It has dawned on me that I should tell you all a little more about me.  I have two younger brothers, Larry and Chad. I am married to a wonderful man named Carl.  He is such a blessing to me.  My brother Larry is married to Stefanie and they have two children.  Chad is single and has three fur babies, a cat and two dogs.  I have two children, a boy and a girl.  My husband has two children, a boy and a girl also.  Between us we each also have a grandchild, a boy and a girl.

My parents thankfully were smart in setting up their wills ahead of time and along with it a medical power of attorney and a financial power of attorney.  So we were in better shape because of that.  We just had to find the will and get copies to the appropriate parties.  Their financial institution also required that their Doctor write a letter stating that each of them were no longer able to handle their financial affairs.  Out of everything, this is one thing that took a little while to get.  We had Mom’s letter before we had Dad’s.  But once we had them both and signed the appropriate paperwork at the bank, it went smoothly.

I can’t stress enough that we all need to have a will and a medical and financial power of attorney and talk with these people so they are well aware of what you want.

You should also let these people know what insurance you have and where the contact information is for all policies.

Be aware that while some facilities take insurance, but some are private pay. Also, it depends on the level of care your loved one needs as to what the final cost is.

With my parents, my Mom needs more care around the clock.  She is unable to stand or walk.  She barely eats anything and drinks very little as well.  My Dad can still take care of his personal hygiene and doesn’t need as much one on one care.  They each needed different facilities for their special needs.  wall art

There are some great support groups on Facebook and the internet.  One that I have enjoyed is Molly’s Movement on Facebook.  This is a page that you can join and have conversations with other caregivers dealing with the many different forms of Dementia.

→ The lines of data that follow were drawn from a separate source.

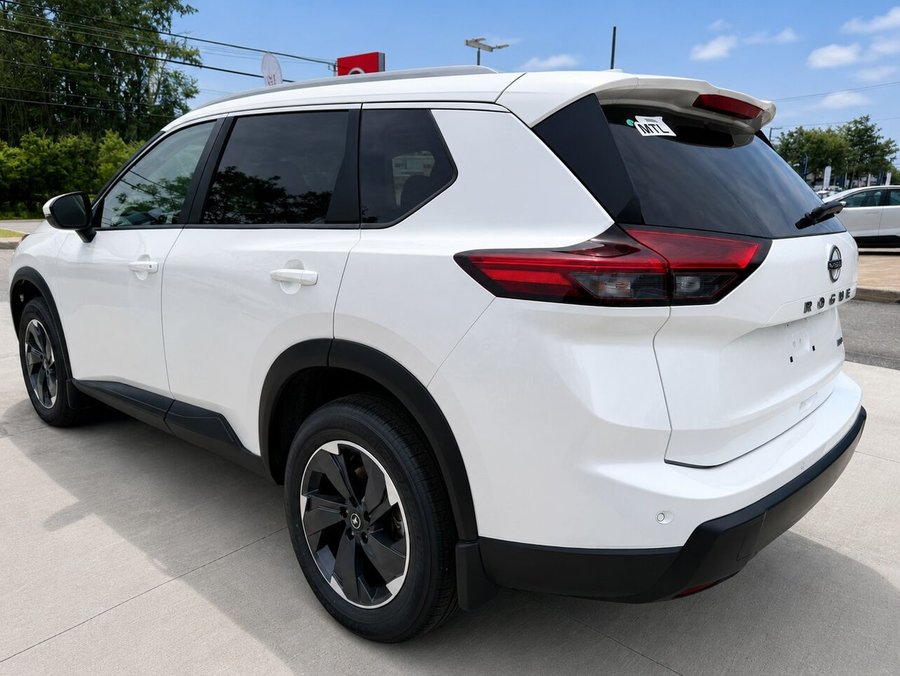 NISSAN Rogue 2026 2026 Blanc Everest nacré triple couche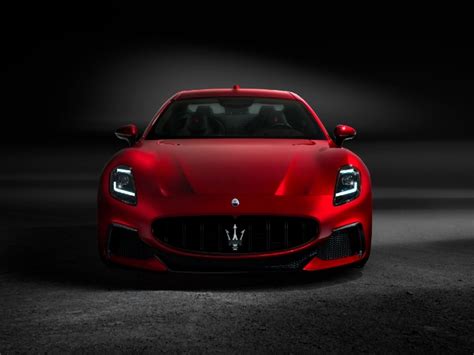 Maserati Reveals All Electric Granturismo Along With Petrol Powered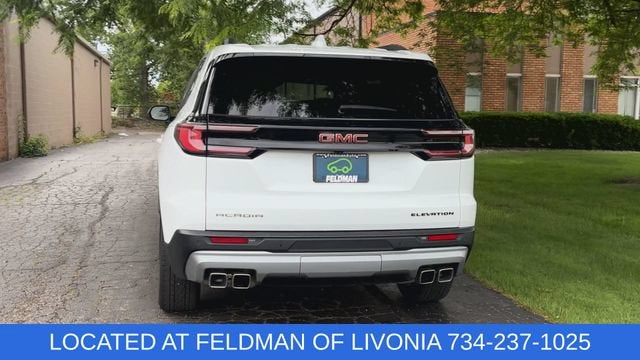 2024 GMC Acadia Elevation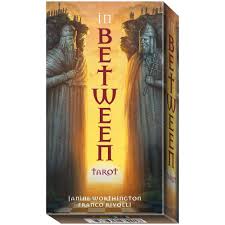 In Between Tarot Deck by Franco Rivolli & Janine Worthington – 78-card deck exploring the liminal space between consecutive tarot cards, offering unique interpretations and insights.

Also, on YouTube you can look up videos by Teepa Snow.  She is really good at breaking down what the Dementia patient is going thru.

There are many others.  These are just two that I have gotten very good information from and have enjoyed knowing that I’m not the only person going thru this with my parents.

As a family we struggle each day to get used to our new normal which isn’t normal in any way.  In fact, my Dad has been in the hospital for two weeks.  He got combative at his facility hitting two of the staff members.  The head nurse had him sent to the hospital.  His hospital stay has been very hard on us all.

He won’t talk to us at all so it’s very hard to tell if he knows us or not.  That alone is heartbreaking to experience.  He has also been in restraints during this hospital stay.

So, it seems that we are constantly facing one challenge after another.

I’ll continue to keep you all posted on our challenges and experiences hoping that they will be helpful to someone else out there going thru the same things.  Please feel free to ask questions or give me your feedback.  I would love to hear from you.

 

Tough Decision Making

By Lisa Baker

After my Mom’s dementia diagnosis, she and my Dad went to stay with my brother and his wife.  My brother’s wife has a work from home job that made it easier for her to keep an eye on Mom and yet keep them both together.  This worked well for all of us.  We knew they were safe and getting their meals while Mom just relaxed trying to recover somewhat from her hospital stay.  Dementia also turned their world upside down too.  They were so used to relying on each other.  As we started learning more and more about dementia, we realized that Mom has had this for a while, we just didn’t pick up on it.  But we also realized that Dad had some of the same symptoms.  We started to question ourselves, could he have dementia as well?quote

Little did we know that we were closer to finding out the answer to that question than ever before.  Mom had a seizure one evening while staying with my brother.  She had never had one before.  So this put her back in the hospital for more tests.  They did not find an exact cause for the seizure.  It is possible that maybe from her eating and drinking so little that it threw her off enough to cause the seizure, but we never got a definite answer for its cause.  They did start her on a low dose of medication to help with seizures.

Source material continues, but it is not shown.